Xavier Henry, who was a bright spot, played only 43 games. Jordan Farmar only 41. Steve Blake only 27. Pau Gasol, whose feet pretty much look like pumpkin pulp, was one of the healthier guys at 60 games. Steve Nash, only 15 and Kobe Bryant played only six.
It wasn't only the big injury to Bryant, nor the spate of injuries. They overlapped. Before the Lakers pulled Kendall Marshall off the scrap heap, the Lakers were literally out of point guards. They entered the season three deep in pure points with a few more combo guards and still ran out.
The most used four-man lineup for the Lakers last season was Pau Gasol, Wesley Johnson, Kendall Marshall, and Jodie Meeks. That group played in only 28 games (484 minutes). That's worse than the worst lineups Gasol played with when he was in Memphis. The lineup of Gasol, Johnson, Ryan Kelly, Marshall, and Meeks lead the team in games appeared-in, with 15 for 193 minutes, or 12.9 minutes per game.
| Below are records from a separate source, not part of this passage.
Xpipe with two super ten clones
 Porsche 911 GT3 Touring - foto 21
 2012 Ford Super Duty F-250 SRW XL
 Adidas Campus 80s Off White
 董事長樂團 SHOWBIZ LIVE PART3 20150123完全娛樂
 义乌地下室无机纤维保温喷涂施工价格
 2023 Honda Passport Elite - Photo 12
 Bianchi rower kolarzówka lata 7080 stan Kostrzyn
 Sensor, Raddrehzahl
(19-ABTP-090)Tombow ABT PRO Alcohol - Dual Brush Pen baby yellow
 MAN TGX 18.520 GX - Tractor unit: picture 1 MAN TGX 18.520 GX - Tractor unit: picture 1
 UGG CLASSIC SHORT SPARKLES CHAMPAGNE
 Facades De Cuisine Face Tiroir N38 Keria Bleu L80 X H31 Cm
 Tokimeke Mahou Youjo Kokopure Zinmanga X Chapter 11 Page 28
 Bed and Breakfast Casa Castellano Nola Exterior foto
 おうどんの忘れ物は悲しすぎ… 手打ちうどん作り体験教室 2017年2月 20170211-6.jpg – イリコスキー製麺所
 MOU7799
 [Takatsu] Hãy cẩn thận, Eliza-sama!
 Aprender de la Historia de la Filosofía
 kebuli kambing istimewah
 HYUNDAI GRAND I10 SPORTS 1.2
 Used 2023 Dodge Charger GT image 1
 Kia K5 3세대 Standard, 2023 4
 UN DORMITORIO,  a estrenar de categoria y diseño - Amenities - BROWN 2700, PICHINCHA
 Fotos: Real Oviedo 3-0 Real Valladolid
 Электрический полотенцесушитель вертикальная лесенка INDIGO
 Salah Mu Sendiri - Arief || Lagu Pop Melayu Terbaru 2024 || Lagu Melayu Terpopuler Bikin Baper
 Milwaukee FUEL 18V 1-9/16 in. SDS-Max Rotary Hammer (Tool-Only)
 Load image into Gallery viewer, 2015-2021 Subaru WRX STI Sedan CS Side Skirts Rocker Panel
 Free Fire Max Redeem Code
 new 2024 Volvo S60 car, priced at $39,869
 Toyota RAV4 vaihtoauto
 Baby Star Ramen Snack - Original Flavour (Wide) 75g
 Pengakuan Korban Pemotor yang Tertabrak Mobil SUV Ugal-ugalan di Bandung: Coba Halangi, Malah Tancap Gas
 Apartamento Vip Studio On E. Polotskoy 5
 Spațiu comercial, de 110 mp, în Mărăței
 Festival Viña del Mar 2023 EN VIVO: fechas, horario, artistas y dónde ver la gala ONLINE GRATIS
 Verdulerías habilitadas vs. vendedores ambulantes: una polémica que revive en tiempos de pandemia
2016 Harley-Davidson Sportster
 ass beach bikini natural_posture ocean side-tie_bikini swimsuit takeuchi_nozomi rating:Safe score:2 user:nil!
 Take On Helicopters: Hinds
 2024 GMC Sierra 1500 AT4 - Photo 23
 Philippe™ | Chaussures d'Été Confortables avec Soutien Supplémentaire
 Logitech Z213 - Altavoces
But they were also really bad, finishing 21st in points per possession (offensive efficiency) and 28th in defensive efficiency. So while everyone pointed at Mike D'Antoni's typically awful defense (we'll get to him in a minute), they were bad at both ends.
The Lakers were 22nd in points per possession in transition, according to Synergy Sports. They were 30th, or last, in scoring out of the pick and roll by the ball-handler, 21st in the post. (In D'Antoni's pick and roll offense, they were actually good when passing out of it, as roll men were 10th in points per possession, and when possessions where the ball-handler passed off the pick, they were 14th in the league).
The only way they were able to score was in isolation (eighth in the league) or spot-up (fourth in the league, shot 40 percent, with an effective field goal percentage -- factoring 3-pointers -- of 53 percent). Everything else, they were pretty terrible. And that isolation number is largely a product of the spacing D'Antoni's system naturally accommodates and the fact that so few players warranted help.
On defense, they couldn't contain the perimeter. Once perimeter containment was lost, the interior defense didn't so much fall apart as it exploded into tiny pieces. They didn't contest shots normally easy to contest, and lost communication. It was a nightmare.
The largest culprit in the public's eye was D'Antoni. The best that can be said for D'Antoni's performance last year was that he coached individuals well, leading to solid seasons for guys like Johnson, Henry, Steve Blake, and Nick Young. But as a units, there was almost no communication, cohesion or ability. D'Antoni is famous for not coaching defense in practice, despite his protests otherwise, and without All-Star players, the team was excruciatingly bad.
But when things went right, the Lakers were at least decent. The problem is that when things went wrong, they went unbelievably wrong. They had the fifth-worst defensive efficiency in losses, right behind the Spurs ... who had 35 fewer losses. The only bottom-dweller comparable to the Lakers in losses defensively was Utah.
Was it just D'Antoni? Will Byron Scott fix all this? It's possible, but not likely.
GM Mitch Kupchak has tried to keep the Lakers' future open by not signing B-level free agents who would tie up cap space needed to acquire future stars. The result was a team that was selectively bad.
For example, Young was one of LA's better offensive weapons, despite the absurd number of horrific shots he averages. But he was also their worst spot-up defender on the perimeter, allowing a 56 percent effective field goal mark when trying to close out. Kelly, a pet project of the Lakers, was one of the worst in the league at post defense, despite getting a huge amount of time on the floor. Hill also struggled here. The centers, though, did pretty well, which could help next season since the Lakers bolstered their power forward core.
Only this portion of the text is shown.